Every record below should be transcribed exactly. Omit the images.

*** Opening INFORMATION SUPPLIED ***

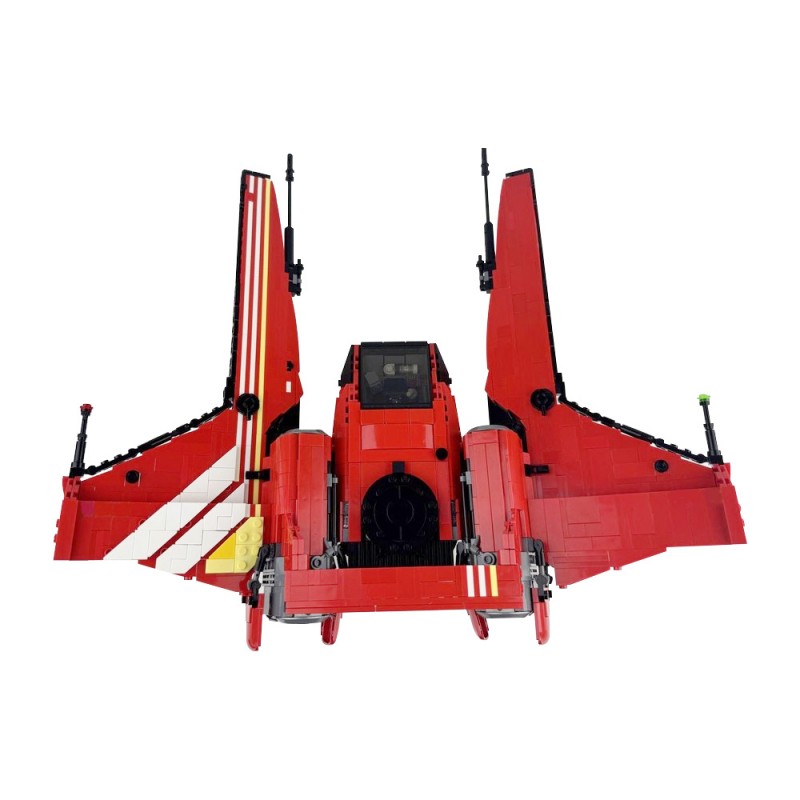 GOBRICKS MOC 223483 Jordan's Ship - YWOBB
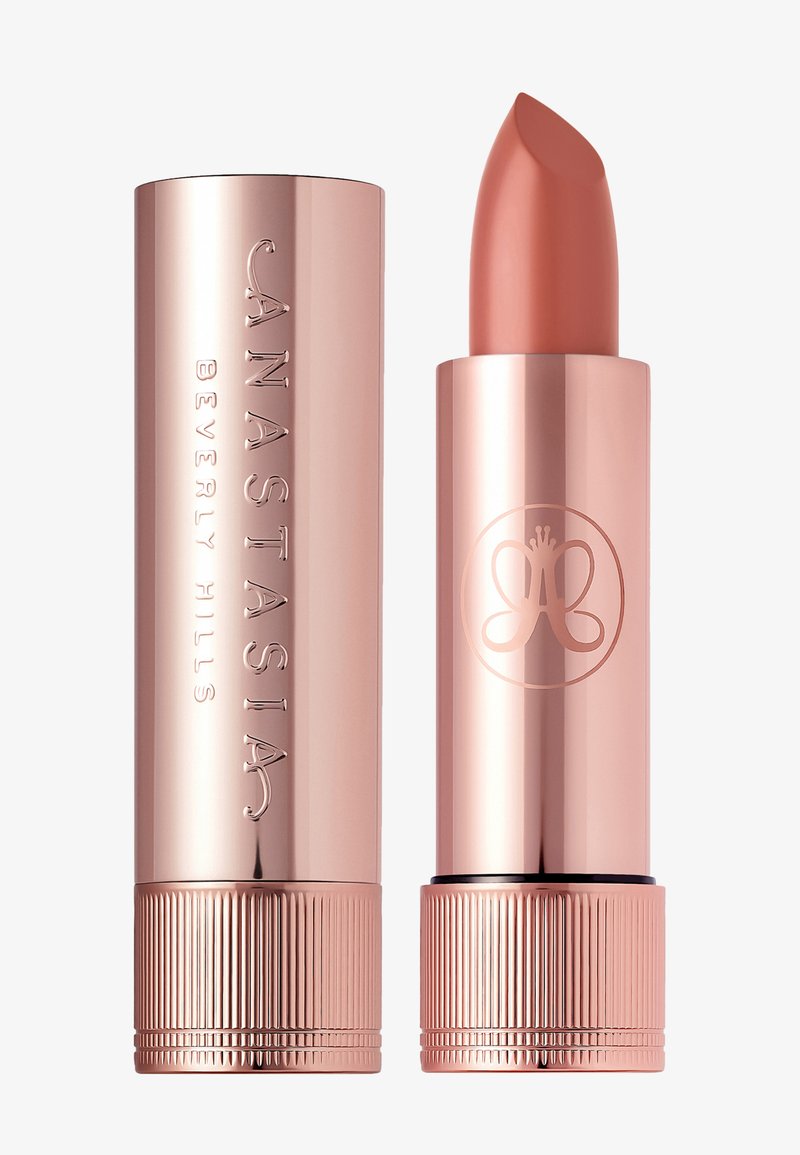 Anastasia Beverly Hills - SATIN LIPSTICK - Rouge à lèvres - peach bud, Agrandir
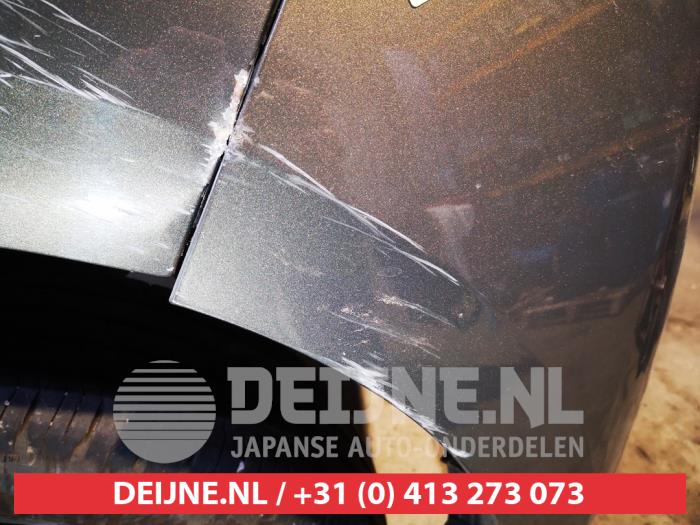 Toyota Yaris Achterbumper O750788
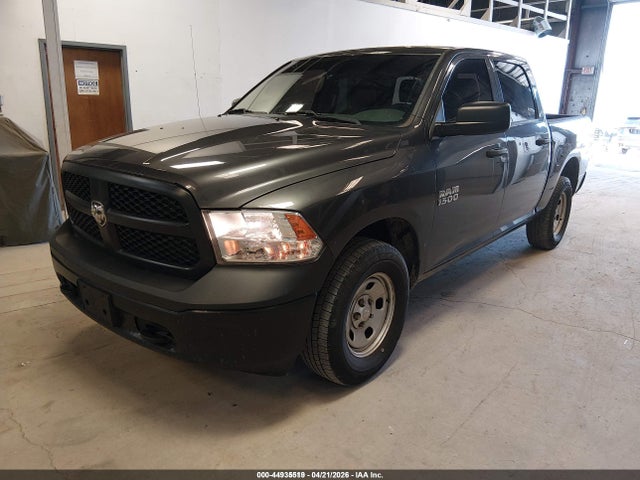 Продажа на аукционе авто 2018 Ram 1500 Tradesman  4x4 5'7 Box, vin: 1C6RR7KG0JS144192, номер лота: 44935519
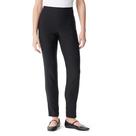 Calça Feminina Gloria Vanderbilt Slim Modeladora de Barriga com Cós Elástico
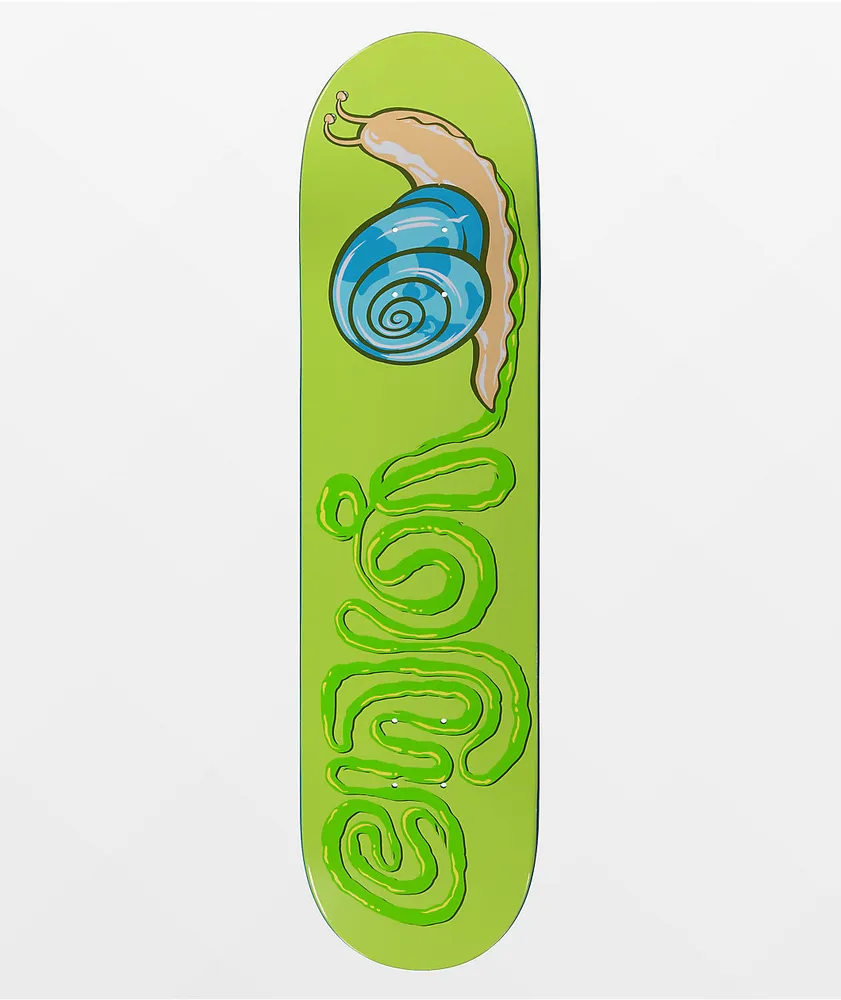 Enjoi Snail trail 8.0" Skateboard Deck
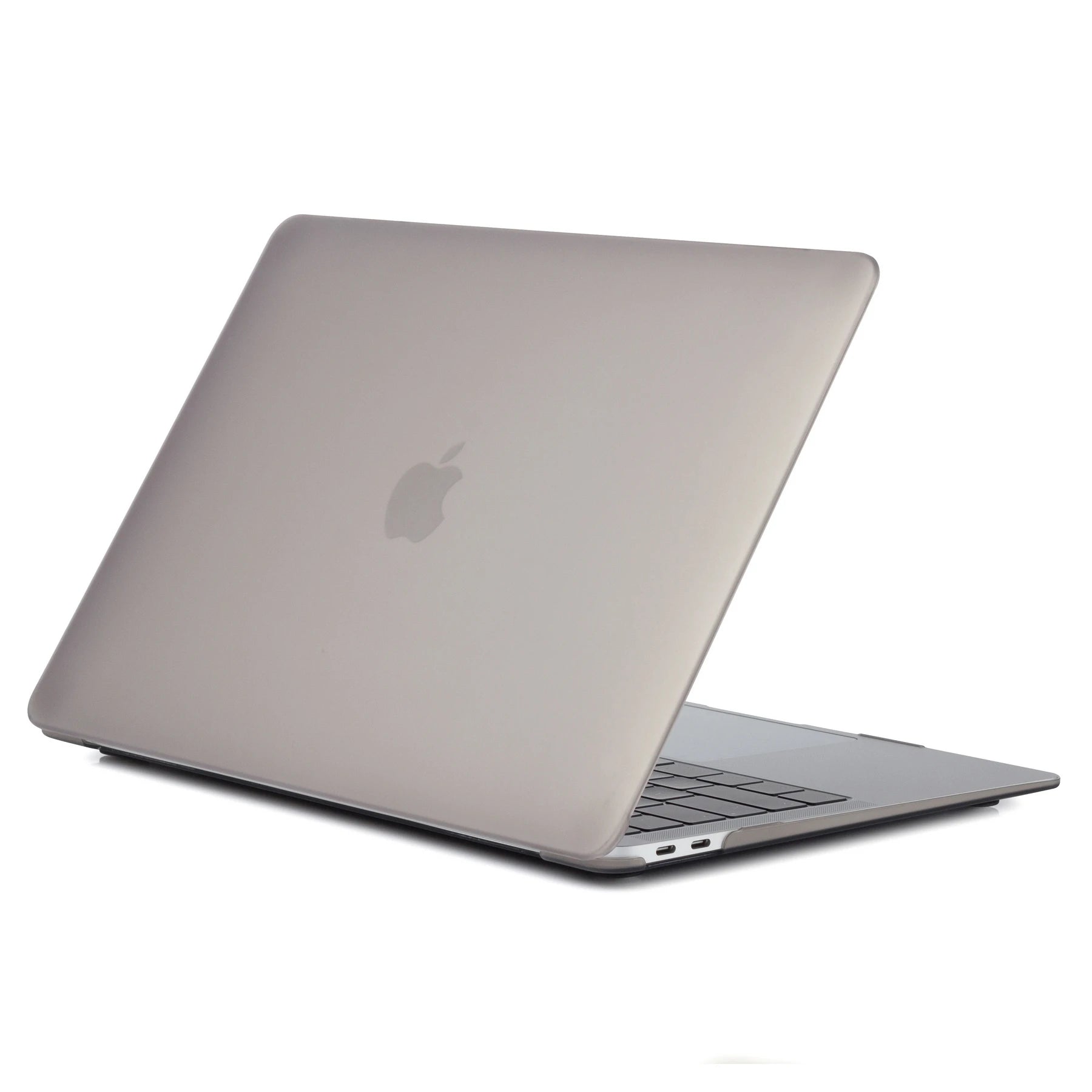Matte Frosted PVC Laptop Case for MacBook Pro 13/14/16, MacBook Air 13/15 & MacBook 12 — Slim Protective Shell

*** Closing INFORMATION SUPPLIED ***

→ RESPONSE FOR THIS EXERCISE:
 GOBRICKS MOC 223483 Jordan's Ship - YWOBB
 Anastasia Beverly Hills - SATIN LIPSTICK - Rouge à lèvres - peach bud, Agrandir
 Toyota Yaris Achterbumper O750788
 Продажа на аукционе авто 2018 Ram 1500 Tradesman  4x4 5'7 Box, vin: 1C6RR7KG0JS144192, номер лота: 44935519
 Calça Feminina Gloria Vanderbilt Slim Modeladora de Barriga com Cós Elástico
 Enjoi Snail trail 8.0" Skateboard Deck
Matte Frosted PVC Laptop Case for MacBook Pro 13/14/16, MacBook Air 13/15 & MacBook 12 — Slim Protective Shell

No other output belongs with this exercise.